*** Begin section ***

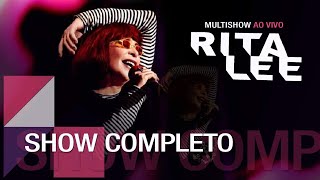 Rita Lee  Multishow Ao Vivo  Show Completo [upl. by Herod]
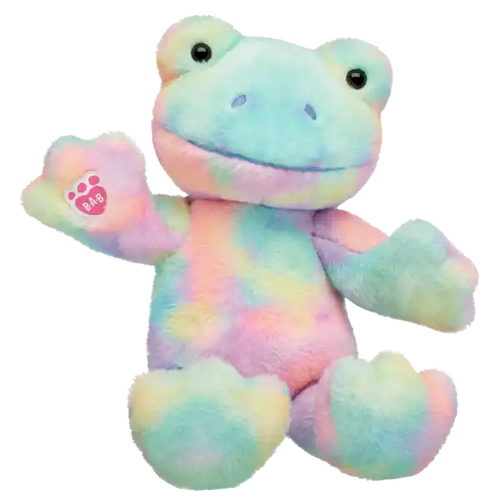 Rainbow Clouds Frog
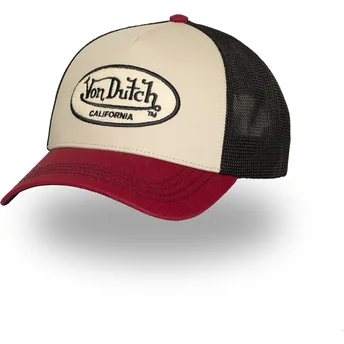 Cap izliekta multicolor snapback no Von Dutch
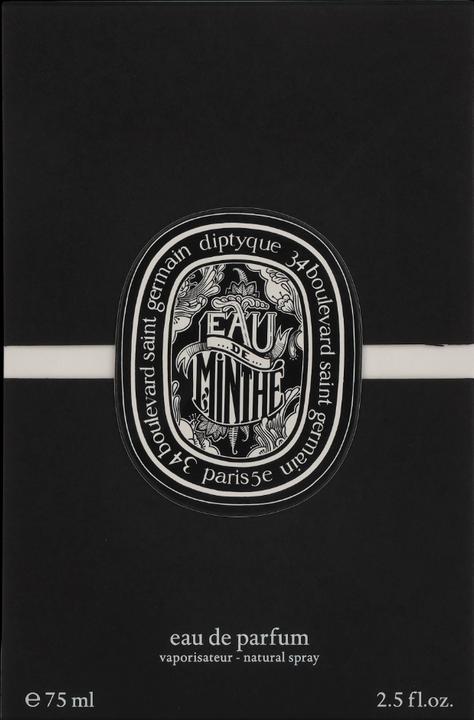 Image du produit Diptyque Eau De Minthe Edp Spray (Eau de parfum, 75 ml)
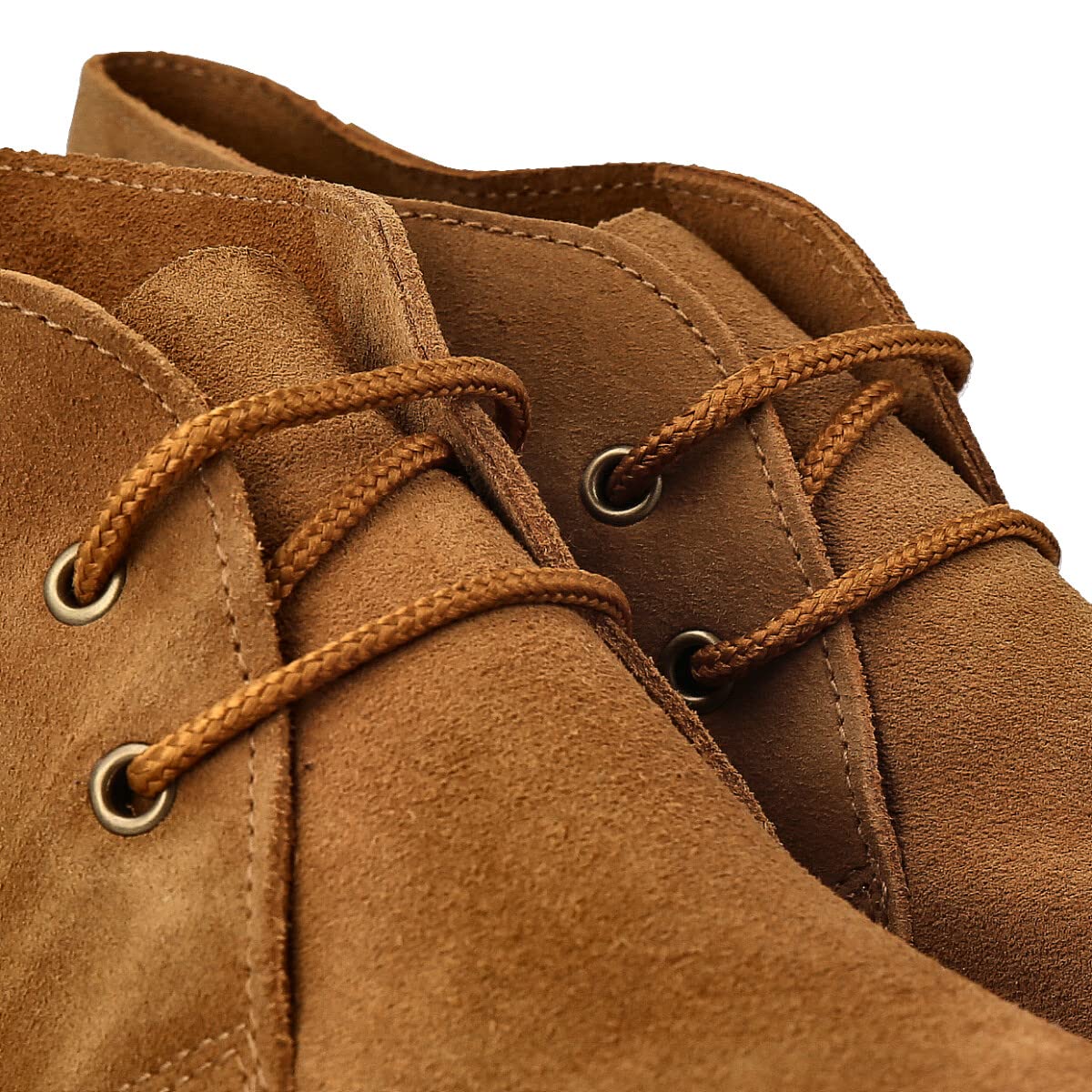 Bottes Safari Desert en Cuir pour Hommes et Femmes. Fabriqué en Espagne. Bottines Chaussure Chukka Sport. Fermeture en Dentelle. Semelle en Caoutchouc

*** End section ***

When you transcribe these entries, keep every word exact and drop the pictures.

* Task solution
 Rita Lee  Multishow Ao Vivo  Show Completo [upl. by Herod]
 Rainbow Clouds Frog
 Cap izliekta multicolor snapback no Von Dutch
 Image du produit Diptyque Eau De Minthe Edp Spray (Eau de parfum, 75 ml)
 Bottes Safari Desert en Cuir pour Hommes et Femmes. Fabriqué en Espagne. Bottines Chaussure Chukka Sport. Fermeture en Dentelle. Semelle en Caoutchouc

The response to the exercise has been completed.